= Lucy Fortson =

American astronomer

Lucy Frear Fortson is an American astronomer known for her work on gamma-ray astronomy and Galaxy morphological classification and for her leadership of citizen science projects including the Galaxy Zoo and Zooniverse. She is a professor in the School of Physics and Astronomy at the University of Minnesota.

==Education and career==
Fortson graduated from Smith College in 1984, majoring in physics and astronomy. She spent a year working at the Space Telescope Science Institute before returning to graduate study at the University of California, Los Angeles, where she completed a Ph.D. in 1991; her doctoral work in high energy physics involved experiments at CERN, in Geneva.
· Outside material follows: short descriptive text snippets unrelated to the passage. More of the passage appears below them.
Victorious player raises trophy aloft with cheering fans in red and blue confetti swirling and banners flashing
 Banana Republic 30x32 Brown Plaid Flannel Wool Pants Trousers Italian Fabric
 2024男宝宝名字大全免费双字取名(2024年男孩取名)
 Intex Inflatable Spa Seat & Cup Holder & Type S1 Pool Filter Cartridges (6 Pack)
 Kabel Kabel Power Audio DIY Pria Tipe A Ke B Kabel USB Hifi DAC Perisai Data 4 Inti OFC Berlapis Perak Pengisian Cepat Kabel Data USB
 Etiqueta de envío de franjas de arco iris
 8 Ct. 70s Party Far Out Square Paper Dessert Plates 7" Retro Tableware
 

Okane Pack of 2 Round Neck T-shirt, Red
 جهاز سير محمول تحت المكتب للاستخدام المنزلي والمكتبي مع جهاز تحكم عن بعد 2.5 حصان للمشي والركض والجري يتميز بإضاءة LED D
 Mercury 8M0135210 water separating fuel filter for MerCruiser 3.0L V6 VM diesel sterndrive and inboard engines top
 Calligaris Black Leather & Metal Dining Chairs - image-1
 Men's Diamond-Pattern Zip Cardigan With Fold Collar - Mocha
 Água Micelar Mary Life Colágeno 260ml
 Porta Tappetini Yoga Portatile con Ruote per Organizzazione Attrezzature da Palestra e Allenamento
After postdoctoral research on cosmic rays and gamma-ray astronomy at the University of Chicago, associated with the VERITAS observatory, she joined the astronomy faculty at the Adler Planetarium in Chicago in 1997. She worked at the planetarium for 13 years, eventually becoming a vice president there and holding an affiliation as research scientist at the University of Chicago, before moving to her present position at the University of Minnesota. She is co-founder of the Zooniverse, a citizen science project that allows the public to contribute to real research problems in a variety of topics, including astronomy and astrophysics.

==Recognition==
The American Physical Society (APS) gave Fortson their 2019 Dwight Nicholson Medal for Outreach. She was named a Fellow of the American Physical Society in 2020, after a nomination from the APS Division of Astrophysics, "for groundbreaking innovations to public engagement in astrophysics research, and for the fundamental advancement of understanding active galactic nuclei through leadership in high energy gamma ray astronomy." The University of Minnesota gave her their 2020 George W. Taylor Award for Distinguished Service, in recognition of "her long-standing efforts in engaging the public in the process of research through the Zooniverse citizen science platform".